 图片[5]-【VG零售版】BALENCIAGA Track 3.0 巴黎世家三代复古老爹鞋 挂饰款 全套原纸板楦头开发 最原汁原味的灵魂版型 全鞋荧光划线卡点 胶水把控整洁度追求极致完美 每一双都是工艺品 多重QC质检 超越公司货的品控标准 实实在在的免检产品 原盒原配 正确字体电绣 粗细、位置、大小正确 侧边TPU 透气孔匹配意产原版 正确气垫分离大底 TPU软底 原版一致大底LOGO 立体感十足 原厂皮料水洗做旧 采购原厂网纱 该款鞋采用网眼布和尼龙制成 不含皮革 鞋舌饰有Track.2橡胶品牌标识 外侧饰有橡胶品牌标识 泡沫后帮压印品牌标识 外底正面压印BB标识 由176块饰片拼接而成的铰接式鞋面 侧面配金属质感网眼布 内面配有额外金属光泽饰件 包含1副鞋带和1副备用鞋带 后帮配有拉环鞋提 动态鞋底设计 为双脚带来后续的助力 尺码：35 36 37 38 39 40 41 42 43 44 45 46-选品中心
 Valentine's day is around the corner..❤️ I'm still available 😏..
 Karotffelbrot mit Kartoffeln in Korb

──────

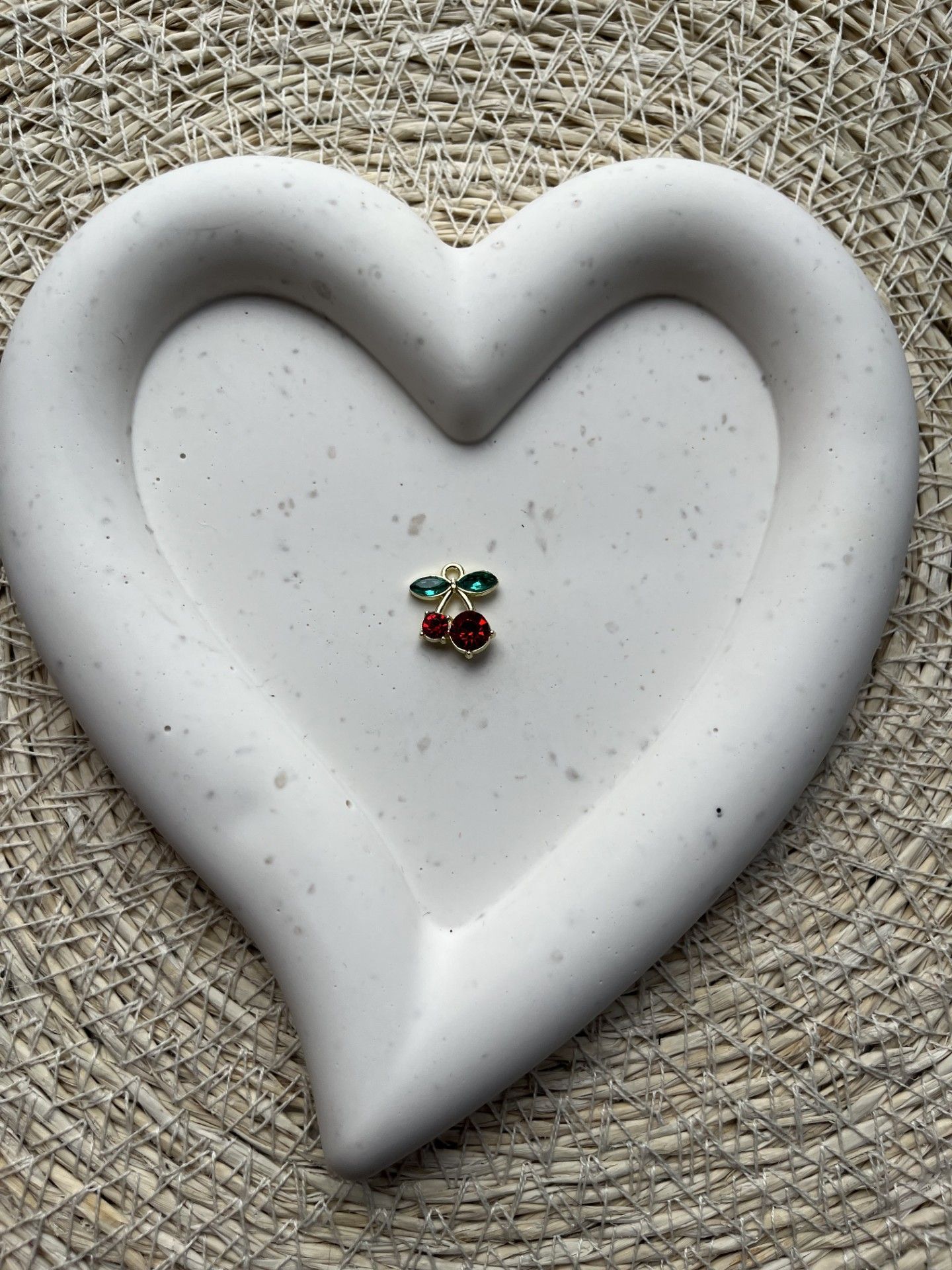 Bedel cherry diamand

──────

:: Description of the task ::
Take the entries above and return only the lines from the one with "图片[5]-【VG零售版】BALENCIAGA Track 3.0" to the one with "Valentine's day is", both included, unchanged.

:: Reply to the exercise ::
 图片[5]-【VG零售版】BALENCIAGA Track 3.0 巴黎世家三代复古老爹鞋 挂饰款 全套原纸板楦头开发 最原汁原味的灵魂版型 全鞋荧光划线卡点 胶水把控整洁度追求极致完美 每一双都是工艺品 多重QC质检 超越公司货的品控标准 实实在在的免检产品 原盒原配 正确字体电绣 粗细、位置、大小正确 侧边TPU 透气孔匹配意产原版 正确气垫分离大底 TPU软底 原版一致大底LOGO 立体感十足 原厂皮料水洗做旧 采购原厂网纱 该款鞋采用网眼布和尼龙制成 不含皮革 鞋舌饰有Track.2橡胶品牌标识 外侧饰有橡胶品牌标识 泡沫后帮压印品牌标识 外底正面压印BB标识 由176块饰片拼接而成的铰接式鞋面 侧面配金属质感网眼布 内面配有额外金属光泽饰件 包含1副鞋带和1副备用鞋带 后帮配有拉环鞋提 动态鞋底设计 为双脚带来后续的助力 尺码：35 36 37 38 39 40 41 42 43 44 45 46-选品中心
 Valentine's day is around the corner..❤️ I'm still available 😏..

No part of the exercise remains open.